Re: hardware performance and some more

From

William Yu

Date:

24 July 2003, 13:43:01

| first of all I would like to learn that, any of you use the postgresql
| within the clustered environment? Or, let me ask you the question, in
| different manner, can we use postgresql in a cluster environment? If
| we can do what is the support method of the postgresql for clusters?

You could do active-active but it would require work on your end. I did
a recent check on all the Postgres replication packages and they all
seem to be single master -> single/many slaves. Updating on more than 1
server looks to be problematic. I run an active-active now but I had to
develop my own custom replication strategy.

As a background, we develop & host web-based apps that use Postgres as
the DB engine. Since our clients access our server over the internet,
uptime is a big issue. Hence, we have two server farms: one colocated in
San Francisco and the other in Sterling, VA. In addition to redudancy,
we also wanted to spread the load across the servers. To do this, we
went with the expedient method of 1-minute DNS zonemaps where if both
servers are up, 70% traffic is sent to the faster farm and 30% to the
other. Both servers are constantly monitored and if one goes down, a new
zonemap is pushed out listing only the servers that are up.

The first step in making this work was converting all integer keys to
character keys. By making keys into characters, we could prepend a
server location code so ID 100 generated at SF would not conflict with
ID 100 generated in Sterling. Instead, they would be marked as S00000100
and V00000100. Another benefit is the increase of possible key
combinations by being able to use alpha characters. (36^(n-1) versus 10^n)

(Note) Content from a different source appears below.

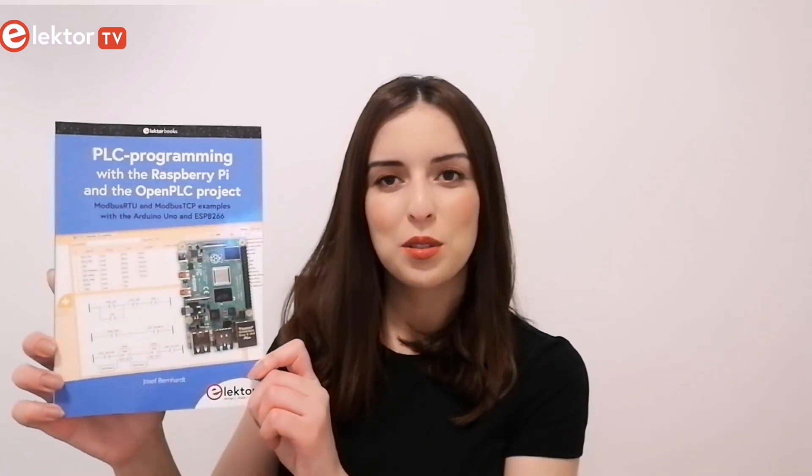PLC programming is very common in industry and home automation. Have you ever used your Raspberry Pi as a PLC? If not, please stay with me. I have a great book to introduce to you.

At this time, the method we use is a periodic sweep of all updated
records. In every table, we add extra fields to mark the date/time the
record was last inserted/updated/deleted. All records touched as of the
last resync are extracted, zipped up, pgp-encrypted and then posted on
an ftp server. Files are then transfered between servers, records
unpacked and inserted/updated. Some checks are needed to determine what
takes precedence if users updated the same record on both servers but
otherwise it's a straightforward process.

As far as I can tell, the performance impact seems to be minimal.
There's a periodic storm of replication updates in cases where there's
mass updates sync last resync. But if you have mostly reads and few
writes, you shouldn't see this situation. The biggest performance impact
seems to be the CPU power needed to zip/unzip/encrypt/decrypt files.

I'm thinking over strats to get more "real-time" replication working. I
suppose I could just make the resync program run more often but that's a
bit inelegant. Perhaps I could capture every update/delete/insert/alter
statement from the postgres logs, parsing them out to commands and then
zipping/encrypting every command as a separate item to be processed. Or
add triggers to every table where updated records are pushed to a custom
"updated log".

The biggest problem is of course locks -- especially at the application
level. I'm still thinking over what to do here.

Re: hardware performance and some more

From

Ron Johnson

Date:

24 July 2003, 17:09:31

On Thu, 2003-07-24 at 13:25, Kasim Oztoprak wrote:
> On 24 Jul 2003 17:08 EEST you wrote:
>
> > On 24 Jul 2003 at 15:54, Kasim Oztoprak wrote:
[snip]
>
> we do not have memory problem or disk problems. as I have seen in the list the best way to
> use disks are using raid 10 for data and raid 1 for os. we can put as much memory as
> we require.
>
> now the question, if we have 100 searches per second and in each search if we need 30 sql
> instruction, what will be the performance of the system in the order of time. Let us say
> we have two machines described aove in a cluster.

That's 3000 sql statements per second, 180 thousand per minute!!!!
What the heck is this database doing!!!!!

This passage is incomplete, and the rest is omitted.